-------- SUPPLIED RECORDS --------
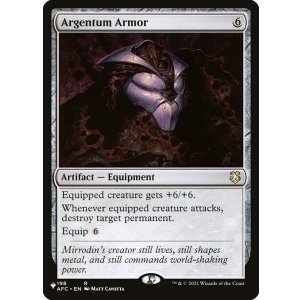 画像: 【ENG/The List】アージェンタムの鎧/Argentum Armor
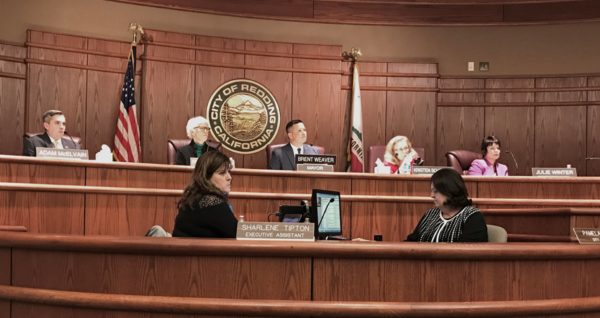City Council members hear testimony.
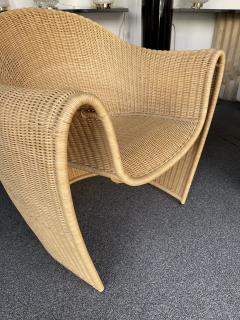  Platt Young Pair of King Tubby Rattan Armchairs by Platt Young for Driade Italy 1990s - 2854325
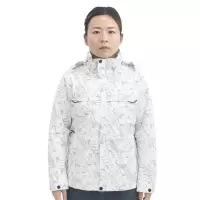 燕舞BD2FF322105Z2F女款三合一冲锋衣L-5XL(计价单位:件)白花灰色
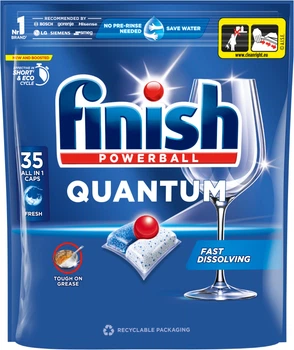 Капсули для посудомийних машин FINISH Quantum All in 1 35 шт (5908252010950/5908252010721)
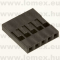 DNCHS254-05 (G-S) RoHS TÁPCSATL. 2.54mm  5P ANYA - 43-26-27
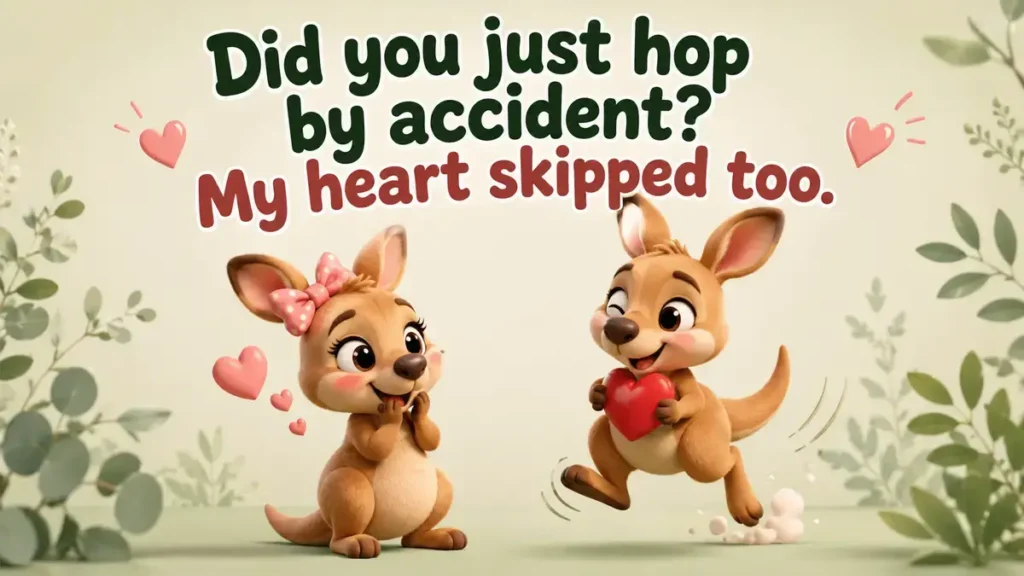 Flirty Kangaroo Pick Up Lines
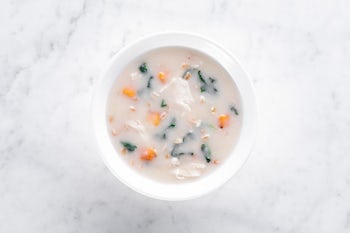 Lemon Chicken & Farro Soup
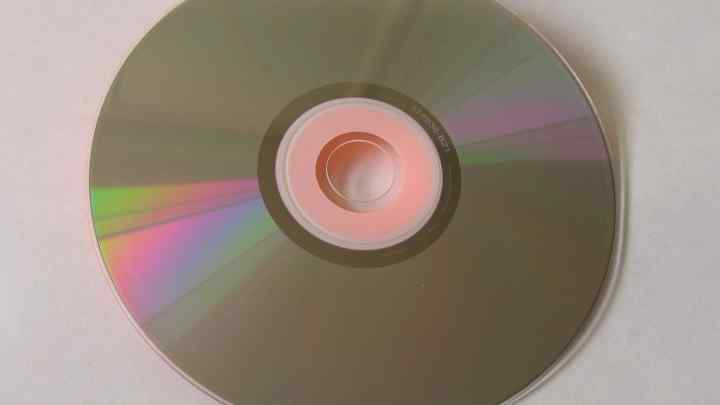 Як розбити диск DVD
--------
TASK PROMPT: With the pictures stripped out, return each record word for word.

ANSWER TO THIS EXERCISE:
 画像: 【ENG/The List】アージェンタムの鎧/Argentum Armor
City Council members hear testimony.
  Platt Young Pair of King Tubby Rattan Armchairs by Platt Young for Driade Italy 1990s - 2854325
 燕舞BD2FF322105Z2F女款三合一冲锋衣L-5XL(计价单位:件)白花灰色
 Капсули для посудомийних машин FINISH Quantum All in 1 35 шт (5908252010950/5908252010721)
 DNCHS254-05 (G-S) RoHS TÁPCSATL. 2.54mm  5P ANYA - 43-26-27
 Flirty Kangaroo Pick Up Lines
 Lemon Chicken & Farro Soup
 Як розбити диск DVD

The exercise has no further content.